PROBLEM DETAILS:
Using the data below, return every line that holds the word "with".

START STORED DATA

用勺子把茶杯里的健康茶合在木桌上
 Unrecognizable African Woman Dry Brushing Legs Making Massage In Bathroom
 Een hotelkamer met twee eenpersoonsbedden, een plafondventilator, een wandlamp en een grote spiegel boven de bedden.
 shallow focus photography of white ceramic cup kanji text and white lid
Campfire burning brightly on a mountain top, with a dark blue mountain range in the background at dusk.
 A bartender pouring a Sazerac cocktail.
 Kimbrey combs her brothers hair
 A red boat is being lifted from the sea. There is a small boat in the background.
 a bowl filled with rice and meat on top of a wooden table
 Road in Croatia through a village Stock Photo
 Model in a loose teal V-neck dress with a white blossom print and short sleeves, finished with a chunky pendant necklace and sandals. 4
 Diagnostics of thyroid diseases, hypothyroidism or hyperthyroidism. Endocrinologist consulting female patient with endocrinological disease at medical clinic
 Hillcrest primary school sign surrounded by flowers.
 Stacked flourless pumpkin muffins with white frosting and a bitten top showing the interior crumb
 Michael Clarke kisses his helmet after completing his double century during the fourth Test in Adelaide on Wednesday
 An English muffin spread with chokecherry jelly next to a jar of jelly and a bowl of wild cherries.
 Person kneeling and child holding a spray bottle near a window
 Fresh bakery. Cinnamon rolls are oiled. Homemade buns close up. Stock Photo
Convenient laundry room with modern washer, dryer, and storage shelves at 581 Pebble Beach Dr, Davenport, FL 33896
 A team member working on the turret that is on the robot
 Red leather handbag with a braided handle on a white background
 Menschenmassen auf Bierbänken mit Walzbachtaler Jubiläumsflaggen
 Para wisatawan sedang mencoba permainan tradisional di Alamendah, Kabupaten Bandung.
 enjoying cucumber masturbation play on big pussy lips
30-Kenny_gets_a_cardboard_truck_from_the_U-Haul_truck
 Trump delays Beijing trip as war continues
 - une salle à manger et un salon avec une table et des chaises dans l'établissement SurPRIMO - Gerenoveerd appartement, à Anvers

END STORED DATA

TASK RESPONSE:
Campfire burning brightly on a mountain top, with a dark blue mountain range in the background at dusk.
 a bowl filled with rice and meat on top of a wooden table
 Model in a loose teal V-neck dress with a white blossom print and short sleeves, finished with a chunky pendant necklace and sandals. 4
 Diagnostics of thyroid diseases, hypothyroidism or hyperthyroidism. Endocrinologist consulting female patient with endocrinological disease at medical clinic
 Stacked flourless pumpkin muffins with white frosting and a bitten top showing the interior crumb
 An English muffin spread with chokecherry jelly next to a jar of jelly and a bowl of wild cherries.
Convenient laundry room with modern washer, dryer, and storage shelves at 581 Pebble Beach Dr, Davenport, FL 33896
 Red leather handbag with a braided handle on a white background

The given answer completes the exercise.